Ms. Franklin began to publicly criticize the custody proceedings and Ms. Raatz’s conduct as guardian ad litem [id. 44]. Following these public statements, Judge Bonfiglio directed CPS staff not to schedule Ms. Franklin’s visitations with her son [id. 11, 44].4 Hannah Musgrave,5 an employee at the Elkhart County Clerk’s Office, reiterated Judge Bonfiglio’s directive to CPS staff [id. 23, 38]. CPS didn’t schedule visitations between Ms. Franklin and her son for more than 70 days [id. 11].

When CPS began to schedule Ms. Franklin’s supervised visitations, she was limited to one-hour visits during weekdays, for a total of six hours per month [id. 11, 36]. Her requests for additional visitation hours were denied [id. 11]. During the supervised visitations, Ms. Franklin was required to abide by certain restrictions and was prohibited from whispering to her son and recording videos [id. 11, 36]. Ms. Franklin submitted requests to CPS for unspecified

accommodations for her mental health conditions, but she says they were denied [id. 36]. CPS staff did not provide her with the organization’s disability accommodation policies [id.]. Sometime in the proceedings, the State of Indiana initiated Title IV-D child support proceedings against Ms. Franklin, where James Fox served as a referee [id. 14, 42]. Referee Fox enforced orders related to custody and child support [id. 42]. At some point, Judge Bonfiglio held Ms. Franklin in contempt because she didn’t comply with the drug screening order [id. 12, 32].
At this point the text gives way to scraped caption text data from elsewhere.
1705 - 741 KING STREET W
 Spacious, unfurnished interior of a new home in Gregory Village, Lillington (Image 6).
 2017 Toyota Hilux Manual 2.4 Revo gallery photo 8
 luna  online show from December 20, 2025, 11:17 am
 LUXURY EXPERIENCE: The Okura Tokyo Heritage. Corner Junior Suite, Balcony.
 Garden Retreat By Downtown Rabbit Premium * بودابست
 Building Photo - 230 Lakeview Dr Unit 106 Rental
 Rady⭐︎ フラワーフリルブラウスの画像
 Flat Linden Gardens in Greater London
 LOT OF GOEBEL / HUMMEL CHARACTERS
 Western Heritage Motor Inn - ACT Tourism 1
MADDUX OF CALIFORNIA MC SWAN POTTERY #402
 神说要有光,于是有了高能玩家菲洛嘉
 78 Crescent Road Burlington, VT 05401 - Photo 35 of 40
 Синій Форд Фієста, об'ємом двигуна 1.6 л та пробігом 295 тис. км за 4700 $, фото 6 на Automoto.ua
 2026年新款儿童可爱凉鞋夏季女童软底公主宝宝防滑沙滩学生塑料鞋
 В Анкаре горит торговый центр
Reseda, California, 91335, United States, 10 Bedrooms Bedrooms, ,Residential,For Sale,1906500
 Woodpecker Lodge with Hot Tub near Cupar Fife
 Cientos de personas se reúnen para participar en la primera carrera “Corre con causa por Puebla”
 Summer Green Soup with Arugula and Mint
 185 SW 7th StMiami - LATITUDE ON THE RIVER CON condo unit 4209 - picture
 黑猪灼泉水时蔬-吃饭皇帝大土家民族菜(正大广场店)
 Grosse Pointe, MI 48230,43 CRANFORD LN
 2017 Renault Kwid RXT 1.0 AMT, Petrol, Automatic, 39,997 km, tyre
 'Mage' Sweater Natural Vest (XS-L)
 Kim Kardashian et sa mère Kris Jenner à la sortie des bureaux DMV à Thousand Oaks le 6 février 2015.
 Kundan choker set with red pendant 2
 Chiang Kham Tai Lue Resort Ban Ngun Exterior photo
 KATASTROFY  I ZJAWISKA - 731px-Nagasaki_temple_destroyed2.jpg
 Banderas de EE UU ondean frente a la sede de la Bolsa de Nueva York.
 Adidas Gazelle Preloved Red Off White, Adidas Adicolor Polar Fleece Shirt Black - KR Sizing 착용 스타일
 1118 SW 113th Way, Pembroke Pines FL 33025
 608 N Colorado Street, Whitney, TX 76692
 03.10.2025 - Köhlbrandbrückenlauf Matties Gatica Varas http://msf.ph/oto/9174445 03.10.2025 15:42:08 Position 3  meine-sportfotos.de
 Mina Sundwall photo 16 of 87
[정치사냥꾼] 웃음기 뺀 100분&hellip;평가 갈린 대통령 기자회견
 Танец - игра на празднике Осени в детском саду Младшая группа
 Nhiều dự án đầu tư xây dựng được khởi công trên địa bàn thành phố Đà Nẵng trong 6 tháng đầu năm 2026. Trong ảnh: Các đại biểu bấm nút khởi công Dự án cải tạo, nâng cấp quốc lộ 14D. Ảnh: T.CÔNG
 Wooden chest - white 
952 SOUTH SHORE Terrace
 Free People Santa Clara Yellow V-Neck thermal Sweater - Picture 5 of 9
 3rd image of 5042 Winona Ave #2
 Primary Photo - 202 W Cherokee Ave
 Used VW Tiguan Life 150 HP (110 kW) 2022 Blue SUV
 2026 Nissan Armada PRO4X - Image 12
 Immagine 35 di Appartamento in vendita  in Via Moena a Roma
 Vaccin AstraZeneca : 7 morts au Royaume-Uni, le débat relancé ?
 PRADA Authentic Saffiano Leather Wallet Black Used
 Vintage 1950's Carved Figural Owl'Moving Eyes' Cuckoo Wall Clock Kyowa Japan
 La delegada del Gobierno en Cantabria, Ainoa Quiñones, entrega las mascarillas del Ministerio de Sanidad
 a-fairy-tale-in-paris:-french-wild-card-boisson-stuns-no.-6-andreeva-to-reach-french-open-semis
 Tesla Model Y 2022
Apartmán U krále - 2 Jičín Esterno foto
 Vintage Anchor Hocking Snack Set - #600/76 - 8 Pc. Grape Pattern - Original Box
Deputy prosecutors Eric Blackman and Joel Williams were responsible for enforcing the child support payments and contempt orders against Ms. Franklin on the state’s behalf [id. 44, 57-58, 66]. Although not clear at which proceeding, a bench warrant for Ms. Franklin’s arrest was issued

4 Ms. Franklin also alleges that Judge Bonfiglio “admitted no such order existed and claimed no recollection of directing [CPS] to block [her] visits” [id. 39].